High rates and complexity at heart of tax reputation issues

At a conference on corporate tax avoidance and reputations, Public Accounts Committee chair Margaret Hodge MP backed the TaxPayers’ Alliance position that tax complexity is the root cause of much of the opportunity for tax avoidance in the UK. She told the Oxford Centre for Business Taxation’s conference that:

Simplification is at the heart of tackling tax avoidance and I blame my party just as much as the current government.


It’s great that the TaxPayers’ Alliance message is now established as the most credible critique of the problems relating to tax avoidance and the legitimacy of the system.

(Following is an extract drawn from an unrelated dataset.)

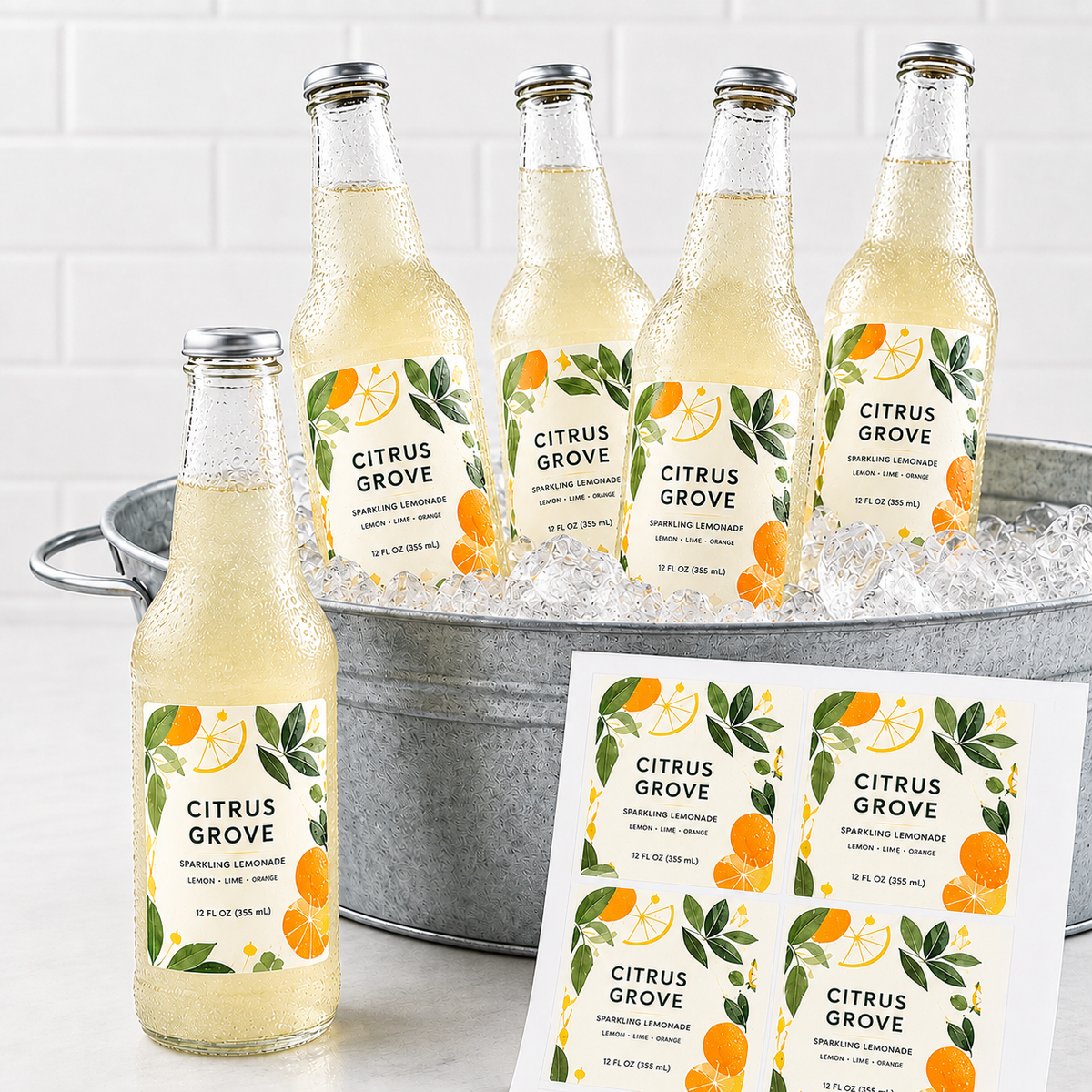 Custom waterproof labels for beverage bottles submerged in an ice bucket, showcasing oil and water resistance with vivid, high-definition printing on vinyl material.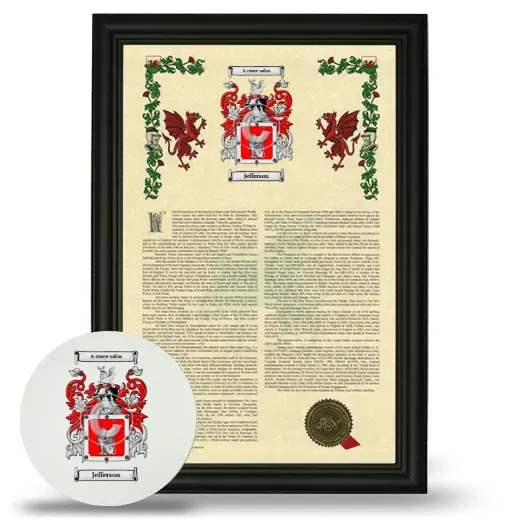 Jefferson Framed Armorial History and Mouse Pad - Black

Complexity leads to misunderstanding, which leads to mistrust. And that encourages people to avoid their own tax because they think others might be getting away with something. So it’s encouraging that this, and the point that complexity so often provides the means for tax avoidance, are being acknowledged.

Exchequer Secretary to the Treasury David Gauke MP also gave a resounding defence of the lower 10 per cent rate of Corporation Tax available for activity connected with the ‘patent box’, claiming the lower rate encourages investment, jobs and growth in Britain. He said the rate had encouraged GlaxoSmithKline to invest £500 million in a new factory, creating thousands of jobs.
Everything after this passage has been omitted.